地震作用下大断面隧道衬砌结构的动力损伤特性

基于混凝土材料的动力损伤特性，建立了其弹塑性损伤本构模型，将该模型应用于强震区某大断面隧道工程，分析了不同地震波入射方向、地震波强度和围岩条件下隧道结构的地震响应与动力损伤规律，探讨了大断面隧道结构的地震损伤特性和破坏机理。研究结果表明：地震波垂直、水平两种入射条件下两者衬砌的压主应力、加速度响应形态相似，但水平入射条件下衬砌结构的应力、加速度响应相较于垂直入射条件更加剧烈；水平入射时衬砌的动力损伤远大于垂直入射时的动力损伤，且动力损伤主要集中于拱腰与墙脚处；围岩条件对隧道衬砌结构的拉主应力响应以及动力损伤有显著影响，V级围岩条件下衬砌结构的最大拉应力是IV级围岩下的5.7倍；隧道结构的地震响应与动力损伤特性也受地震波强度的影响，随着地震波强度增大，应力、加速度响应峰值以及最大动力损伤量均呈现非线性增大趋势，动力损伤随之加剧且由拱腰和墙脚处逐渐向外扩展；在强震区软岩隧道抗震设计以及运营期间震后加固修复应着重注意动力损伤集中的部位。

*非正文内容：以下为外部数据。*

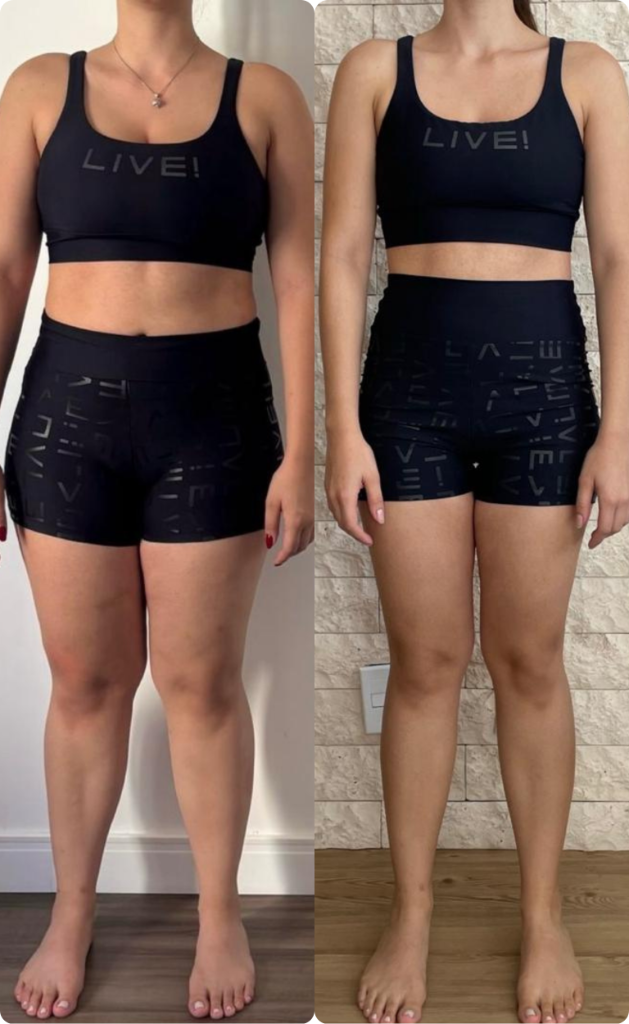 Resultado 3 — Antes e Depois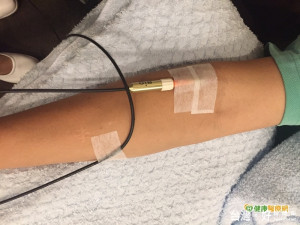 低能量靜脈雷射光療　可控血糖降血脂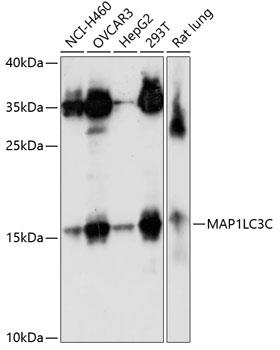 Western blot analysis of extracts of
various cell lines, using LC3C
antibody at 1:1000 dilution.
Secondary antibody: HRP Goat Anti-
Rabbit IgG (H+L) at 1:10000
dilution.
Lysates/proteins: 25ug per lane.
Blocking buffer: 3% nonfat dry milk in
TBST.
Detection: ECL West Pico Plus.
Exposure time: 90s.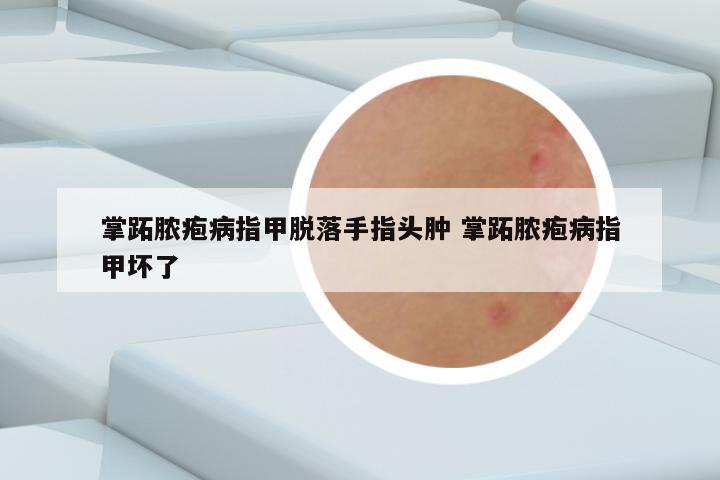 掌跖脓疱病指甲脱落手指头肿 掌跖脓疱病指甲坏了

Dynamic Damage Characteristics of Large Section Tunnel Lining Under Seismic Load

Based on the dynamic damage characteristics of concrete material, this paper established an elastoplastic damage constitutive model, which was applied to a tunnel project with large section in a strong earthquake area. It analyzed the seismic response and dynamic damage law of tunnel structure under different incident directions of seismic waves, seismic wave intensity and surrounding rock conditions, and discussed the seismic damage characteristics and failure mechanism of large section tunnel structure. The results show that the principal stress and acceleration responses of the lining are similar under vertical and horizontal incidence conditions, but the stress and acceleration responses of the lining structure under horizontal incidence conditions are more intense than that under vertical incidence conditions. The dynamic damage of the lining at horizontal incidence is much greater than that at vertical incidence, and the dynamic damage is mainly concentrated at the arch waist and the foot of the wall. The surrounding rock conditions have significant influence on the tensile principal stress response and dynamic damage of the tunnel lining structure. The maximum tensile stress of the lining structure under V-level surrounding rock is 5.7 times of that under IV level surrounding rock. The seismic response and dynamic damage characteristics of tunnel structure are also affected by the intensity of seismic waves. With the increase of seismic wave intensity, the peak value of stress, acceleration response and the maximum amount of dynamic damage show a nonlinear increase trend, and the dynamic damage intensifies and gradually expands outward from the waist and the foot of the wall. In the seismic design of soft rock tunnel in strong earthquake area and the post-earthquake reinforcement and repair during operation, attention should be paid to the parts where the dynamic damage is concentrated.